The Nights is probably the earliest known surviving corpus of stories that features ghouls. The History of Gharib and his Brother Agib – in which a disgraced prince defeats a clan of ravenous Ghouls, reduces them to slavery and then converts them to the true faith – is a case in point. Readers will certainly enjoy reading this classic tale in Sir Richard Burton’s translation, available online at www.globusz.com/ebooks/1001v5/00000050.htm and www.globusz.com/ebooks/1001v6/00000011.htm. It took Scheherazade 18 of her precious nights to narrate this story to the King and the effort kept her head in place. It will only take you about an hour and is well worth the effort.
But back to “Orientalism”. Sometimes used to refer to 18th century French artists and intellectuals who sought inspiration from North Africa and the Mediterranean Levant and, when possible, toured these places, the term “Orientalism” is today mainly used to refer to a body of scholarship born with the ground-breaking study by Edward Said, professor of English and comparative literature at Columbia, Orientalism, published in 1978. Professor Said, a US-Palestinian, identifies a powerful Western tendency to impose its own pre-constituted images of the Oriental on colonial and former colonial peoples.
It is now a commonplace of post-colonial studies that, sadly, the “upper classes” in the colonies gradually come to identify with these stereotypes of the populations of their own countries.

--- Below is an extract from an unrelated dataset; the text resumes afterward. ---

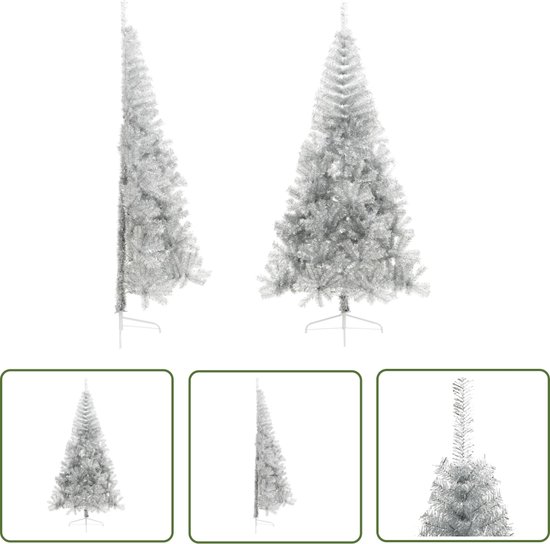 The Living Store Kunstkerstboom Half 240 cm Zilverkleurig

Conveniently, they (imagine they can) exclude themselves from the orientalising gaze of their (former) colonial masters and look at the subaltern social groups in their countries from the same prejudiced perspective from which they – pathetic wogs (wealthy oriental gentlemen) – are seen by their said masters. Needless to say, the “lower classes” themselves in these countries will tend to adopt the same prejudices in relation to peoples from countries further to the south and east and to persons in their own country that they perceive as even “lower” than themselves.

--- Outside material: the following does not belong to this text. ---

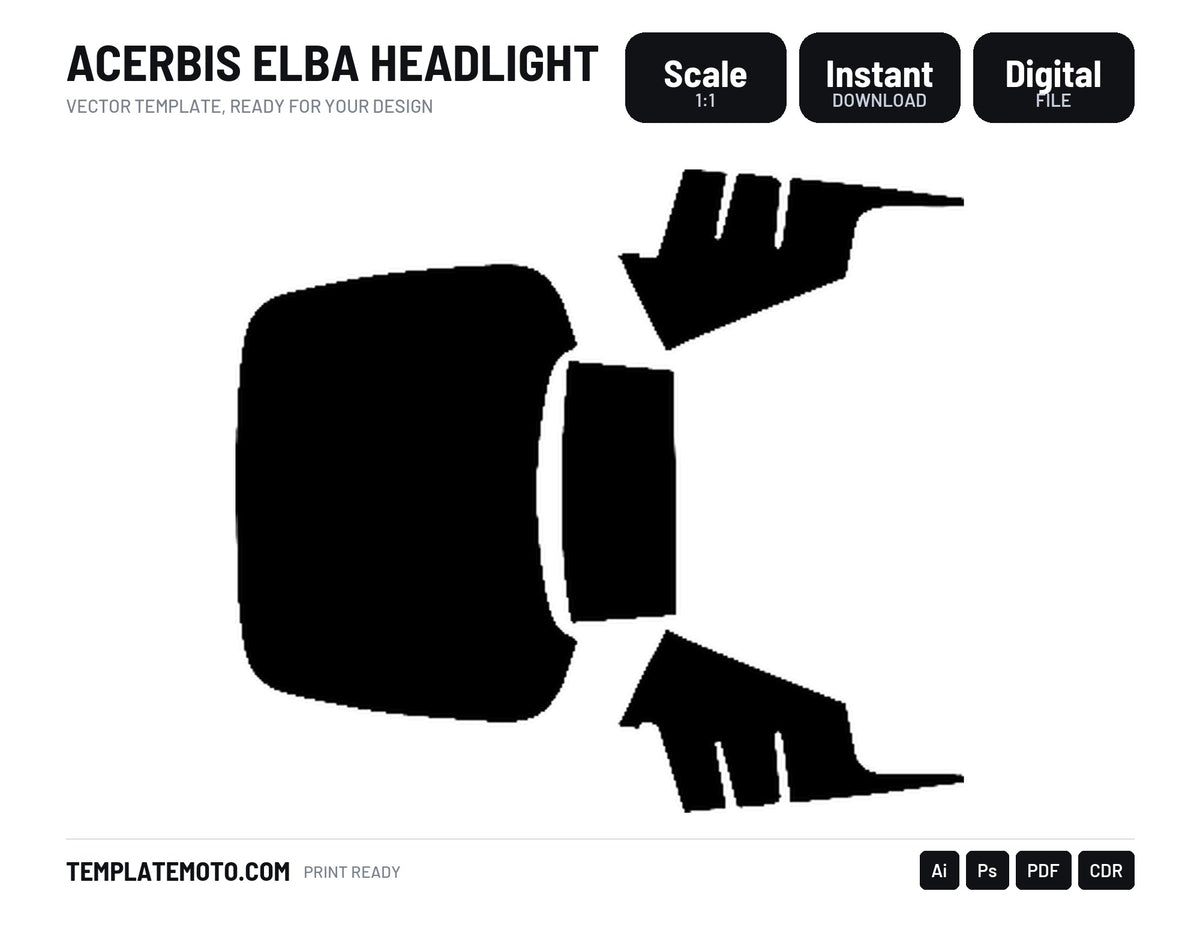 ACERBIS ELBA HEADLIGHT Graphics Template Vector, scale 1:1 vector file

Also needless to say, we Maltese cringe at the very idea we are or may have been interpreted in an Orientalist manner but the truth is we have and, possibly, still often are. We do not tire of quoting Disraeli’s description of Valletta as “a city of palaces built by gentlemen for gentlemen” (though there were more barefoot beggars in Valletta than gentlemen during that stifling August of 1830).
But on which promotional website do you read Flaubert’s conviction that there was “something Oriental” about our capital? Or Maxime du Camp’s view – in his Souvenirs Et Paysages d’Orient of 1848 – that although Malta was on the frontier between Europe and the Orient, the Maltese were more Oriental than European. We should be grateful to Thomas Freller for having brought these cameos into one marvellous volume (Verses and Visions. The Maltese Islands in World Literature. Fondazzjoni Patrimonju Malti, 2008).
The monthly Ariadne Workshops are one forum for laymen and scholars interested in deconstructing our own home spun Orientalism.
The excellent talk on The Collegium Melitense. A Frontier Mission between the Christian And Moslem Worlds given by cultural historian and social anthropologist Carmel Cassar (November 25) and sociologist JosAnn Cutajar’s engaging Let Me Learn. The Impact Of Borrowed Epistemologies On Identity And Perceived Agency (December 16) put into question, rigorously but illustrated with a wealth of archival and field evidence, received images of ourselves and indicated that progress is impossible unless we engage in more of this critical re-evaluation. See www.ariadneworkshops.com. Exorcising the demons of our culture, its stubborn delusions, is good training for challenging the ghouls.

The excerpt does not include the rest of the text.